I awoke to the sensation of just-boiled water from a Cup Noodle poured over my groin. She'd been watching me and knew what I'd been dreaming. I'd deserved it. How could I? As usual, I try and argue out the logic of these conclusions. Must have just seemed like trickster denials. Although I did have fairly bad scalding from the noodle water, I still didn't bear any malice. She had a few drinks and passed out. I was wary that she might awake and burst into air-rage and stayed awake for the entire flight. As long as I am awake, it will be okay. We looked like shit. I am certain that we are going to die. Better that I do than her. If I concentrate the reserve of the reserve of my strength, we might just make it. I used the reserve and then the reserve of the reserve (and so on) during these years. It's not scientific, but it seems part of the reason that I've been tired almost everyday since. Of course, remaining in love with someone who you fear is going to attack you at any minute doesn't really make sense. But nothing was a matter of sense. Only at the point where I could no longer believe that I would only ever defend myself in this passive manner was it finally time to leave. Once we'd landed in HK, it was only a matter of hours before we were in the hotel room nodding off as my dad was ringing up to get us down to dinner.

These stories - routines almost, inside my head anyway - don't stop. Sometimes a detail will come back. I remember her trying to clamber out of the third floor window of the love hotel to avoid payment. Just throw the luggage after me. Mmm, with a good aim and a touch of luck that could have been the end of it there and then. Sorry, that's rather dark.

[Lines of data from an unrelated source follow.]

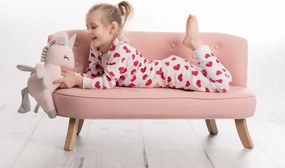 Detská sedačka ľanová púdrovo ružová 17 cm Biela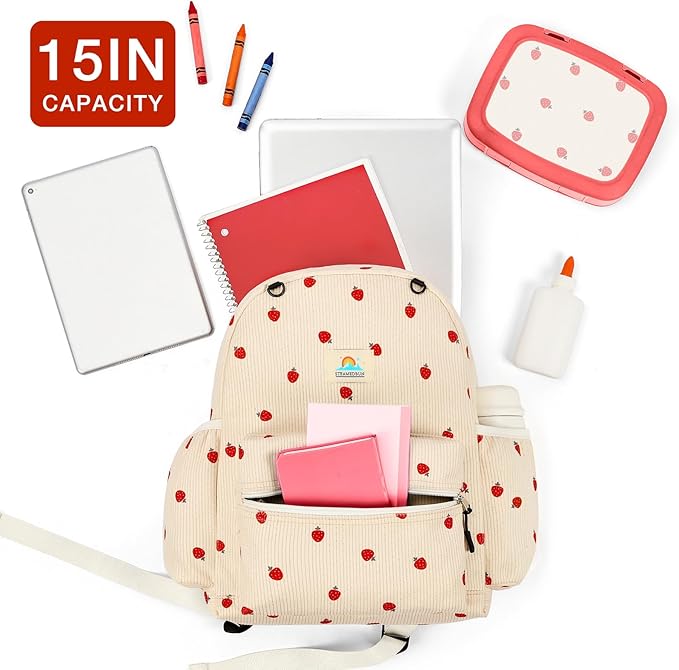 Corduroy Kids Backpack for Girls and Boys 5-8: Girls Backpack for Elementary Kindergarten - 15 inch Cute Backpacks for Kids - Strawberry-CubbioJoy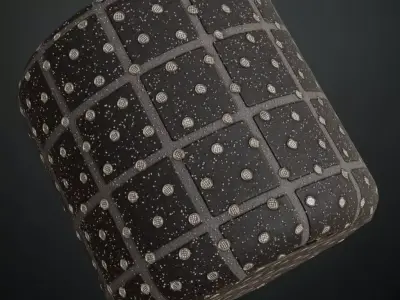 Industrial Black Studded Anti-Slip Floor Tiles PBR Seamless Texture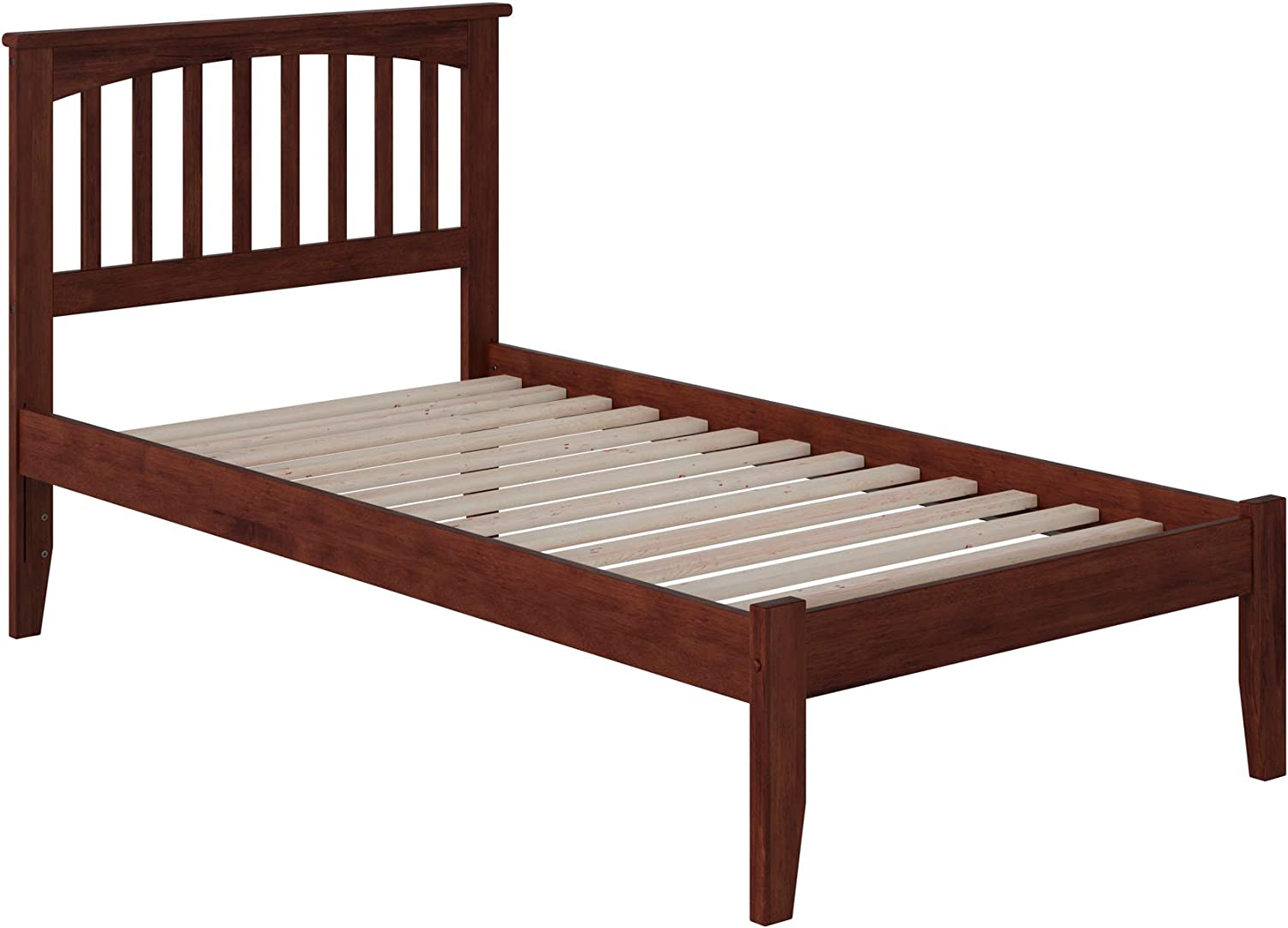 AFI Mission Platform Bed with Open Footboard and Turbo Charger, Twin, Walnut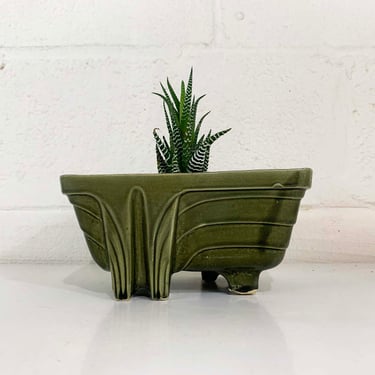 Vintage Forest Green Art Deco Planter Cookson Pottery Mid Century USA Ceramic Mid-Century Geometric Sage 1950s 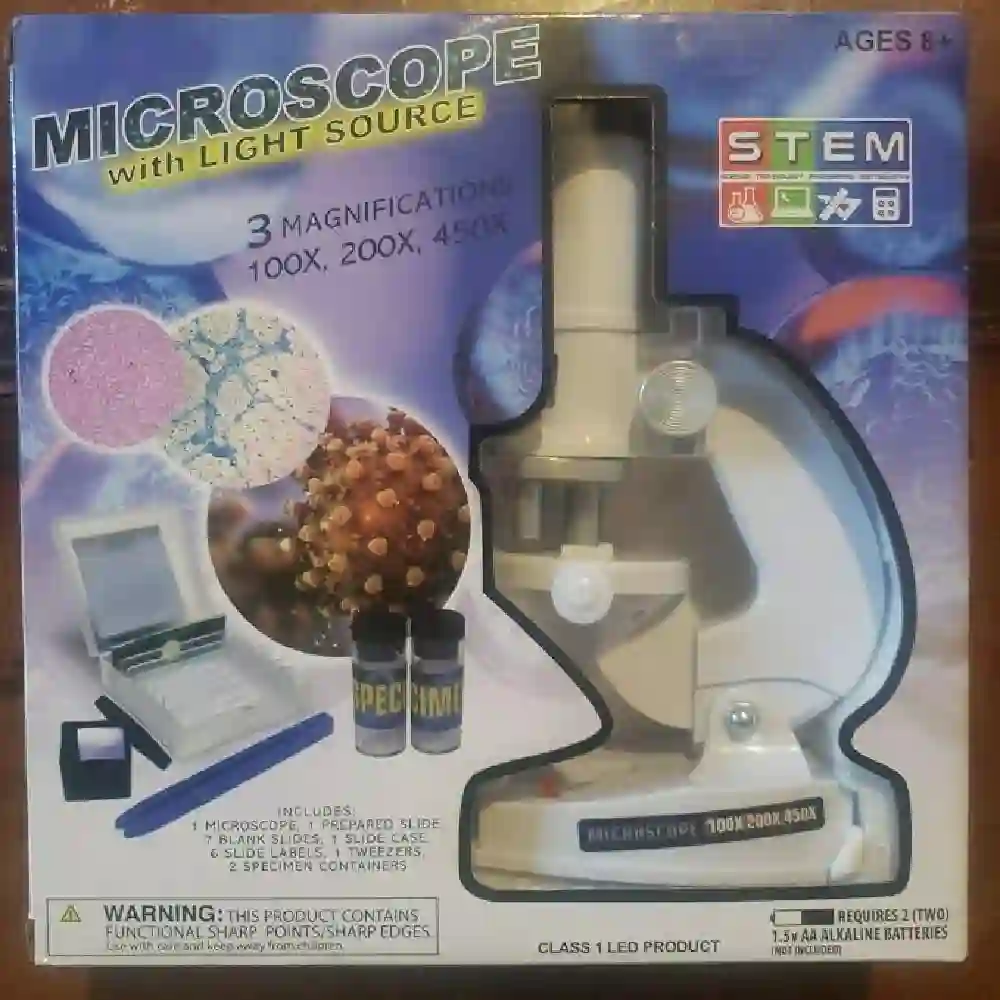 STEM Microscope Kit with LED Light Source, 100x 200x 450x Magnification, Slides, Tweezers and Specimen Containers, Science Toy for Ages 8 and Up, White - Image 3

As it was, we paid up in the end. Given that this journal doesn't have a search function, it's hard to know what I've written before. I know I've written this episode somewhere, maybe here. Sarmoung isn't far off its first anniversary. I read recently that a journal/blog has on average twelve readers. I might stretch to that. These things don't hurt quite how they used to. Often it's boredom. The balance between telling it right/filling in the blanks and the subsequent embroidery and setting in stone. I really do wish there was a new narrative to recount. Something of the present instead of this hack-Proust. It might be more Proustian if I could recall the flavour of the noodle and what exactly the smell triggered off in my memory, but we'd never get out of here...

Well, I meant to get back to what I was trying to explain yesterday, but I've tired myself out again.